"Saya pamit."
"Saya kembali."
Mungkin kita pernah mendengar kata-kata itu di banyak kesempatan, entah dalam interaksi langsung atau di media sosial. Keduanya memang bagian dari sebuah siklus yang biasa terjadi.
Ada kalanya yang berpamitan bisa bertemu lagi di lain waktu, dan ada juga momen pamitan (yang ternyata) untuk terakhir kali.
Sebagai orang yang cukup sering dipamiti secara personal dalam dua kasus ini, saya biasa memperlakukan momen ini secara serius. Apalagi, kalau pamitan itu (ternyata) adalah "kode" yang bersangkutan sebelum "pulang" alias perpisahan untuk selamanya, terutama dari orang terdekat.

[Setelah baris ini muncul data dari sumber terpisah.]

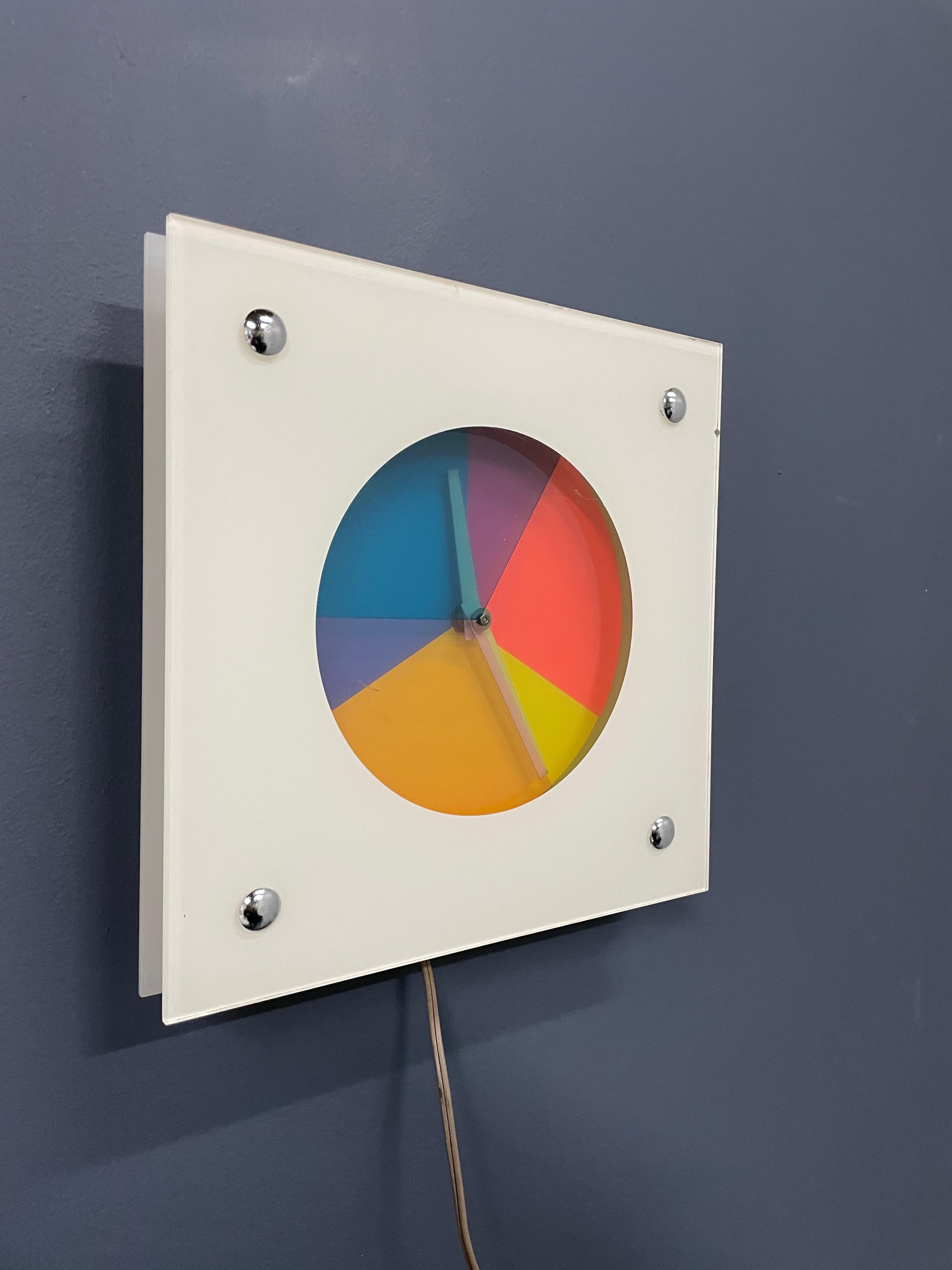 Super rare clock manufactured by Peam of New York, this clock in a glass frame has rotating pieces of colored lucite that rotate to make a kaleidoscope movement, see video.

Kalau ada permintaan yang bisa saya penuhi, pasti akan saya turuti, supaya perpisahan itu membawa rasa lega. Ini adalah sebuah momen emosional, yang harus disalurkan sampai tuntas.
Walau harus jadi brankas penyimpanan pesan atau keranjang sampah sekalipun, itu bukan masalah. Toh pada saatnya nanti akan ada giliran kita untuk pamit secara personal.
Pada ranah personal, "pamit" bisa menjadi satu momen khusus yang cukup serius, karena bisa menjadi satu ingatan seumur hidup. Tak semua orang bisa dipamiti, apalagi untuk yang terakhir kalinya.
Maka, ketika momen personal seperti ini "diumumkan" ke ruang publik, tentu akan mengundang beragam respon, karena tidak semua orang akan peduli. Entah karena memang tidak kenal, beda kantor, dan lain sebagainya.
Di lingkup komunitas, misalnya di Kompasiana, "pamit" biasa menjadi sebuah momen ketika ada satu keputusan penting yang diambil. Entah karena berhenti total, rehat atau ingin beralih fokus ke hal lain.
Tapi, di lingkup komunitas, tidak semua momen pamit perlu diucapkan, apalagi sampai berkali-kali. Apalagi, dalam komunitas berbasis hobi seperti Kompasiana.